:: Exercise directions ::
Exactly the lines from the opening of the records through the line containing "Limpiafondo medialuna pesado" should be copied, with both included.
====== Records to process
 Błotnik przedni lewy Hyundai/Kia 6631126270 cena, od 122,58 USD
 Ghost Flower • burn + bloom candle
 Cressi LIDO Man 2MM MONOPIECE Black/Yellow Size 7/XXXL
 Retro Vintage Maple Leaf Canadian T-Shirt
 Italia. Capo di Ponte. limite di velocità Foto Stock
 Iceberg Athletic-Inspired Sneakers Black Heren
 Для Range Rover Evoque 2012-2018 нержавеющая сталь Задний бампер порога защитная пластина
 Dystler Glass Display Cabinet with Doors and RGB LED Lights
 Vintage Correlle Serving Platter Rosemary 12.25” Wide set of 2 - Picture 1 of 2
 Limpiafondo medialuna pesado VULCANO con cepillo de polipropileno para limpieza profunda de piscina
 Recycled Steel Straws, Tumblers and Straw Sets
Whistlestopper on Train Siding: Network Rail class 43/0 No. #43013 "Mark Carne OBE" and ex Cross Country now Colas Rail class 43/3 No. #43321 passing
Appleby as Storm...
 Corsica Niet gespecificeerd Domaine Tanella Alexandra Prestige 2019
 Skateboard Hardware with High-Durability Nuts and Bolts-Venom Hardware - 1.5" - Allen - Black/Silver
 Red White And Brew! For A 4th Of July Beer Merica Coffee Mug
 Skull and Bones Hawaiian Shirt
============
:: Response box ::
 Błotnik przedni lewy Hyundai/Kia 6631126270 cena, od 122,58 USD
 Ghost Flower • burn + bloom candle
 Cressi LIDO Man 2MM MONOPIECE Black/Yellow Size 7/XXXL
 Retro Vintage Maple Leaf Canadian T-Shirt
 Italia. Capo di Ponte. limite di velocità Foto Stock
 Iceberg Athletic-Inspired Sneakers Black Heren
 Для Range Rover Evoque 2012-2018 нержавеющая сталь Задний бампер порога защитная пластина
 Dystler Glass Display Cabinet with Doors and RGB LED Lights
 Vintage Correlle Serving Platter Rosemary 12.25” Wide set of 2 - Picture 1 of 2
 Limpiafondo medialuna pesado VULCANO con cepillo de polipropileno para limpieza profunda de piscina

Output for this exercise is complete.